- The sculpture in 2015
- Artist: Muriel Castanis
- Year: 1992
- Type: Sculpture
- Medium: Bronze with green petina
- Dimensions: 1.8 m × 0.84 m × 1.1 m (6 ft × 2.75 ft × 3.5 ft); 1.8 m diameter (6 ft)
- Condition: "Well maintained" (1993)
- Location: Portland, Oregon, United States; 45°31′40″N 122°39′30″W﻿ / ﻿45.527831°N 122.65838°W;

= Ideals (sculpture) =

Sculpture in Portland, Oregon

Ideals is a 1992 outdoor bronze sculpture by Muriel Castanis, installed outside the Portland State Office Building in northeast Portland, Oregon, United States.

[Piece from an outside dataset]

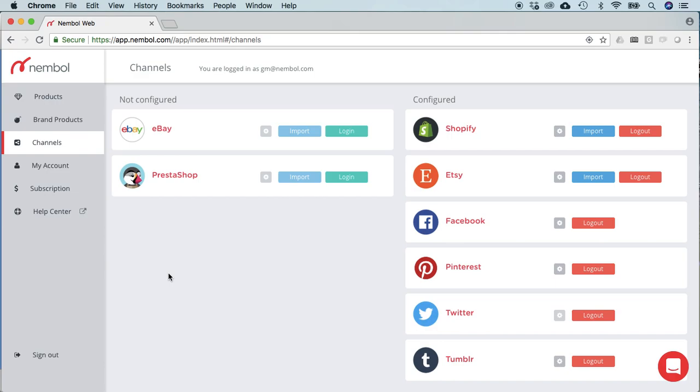Hello everyone, today we're going to see together how to set up the synchronization of stock from eBay to Shopify, Etsy and Store Envy via Nemble.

== Description and history ==
Ideals was commissioned in 1991 as part of the One Percent for Art in State Buildings Collection. Castanis completed the work in February 1992, and it was installed at the northwest exterior corner of the Portland State Office Building (800 Northeast Oregon Street) in the Lloyd District. The sculpture is bronze with a green patina and measures approximately 6 × 2.75 × 3.5 ft. It rests on an aggregate base approximately 6 ft in diameter, and weighs 850 lb. The Smithsonian Institution categorizes the work as abstract and allegorical ("hope"), and describes it as a "standing female-like figure in the form of a hooded drapery garment with no visible figure inside". The Public Art Archive describes the sculpture as an "illusion of a human female form, defined by the draping and gathering of cloth rather than the positive space of the form herself". The figure's proper left arm is raised, and four footlights set into the base illuminate it. The Smithsonian's "Save Outdoor Sculpture!" program surveyed the sculpture in 1993 and deemed it "well maintained". Ideals is administered by the Oregon Arts Commission.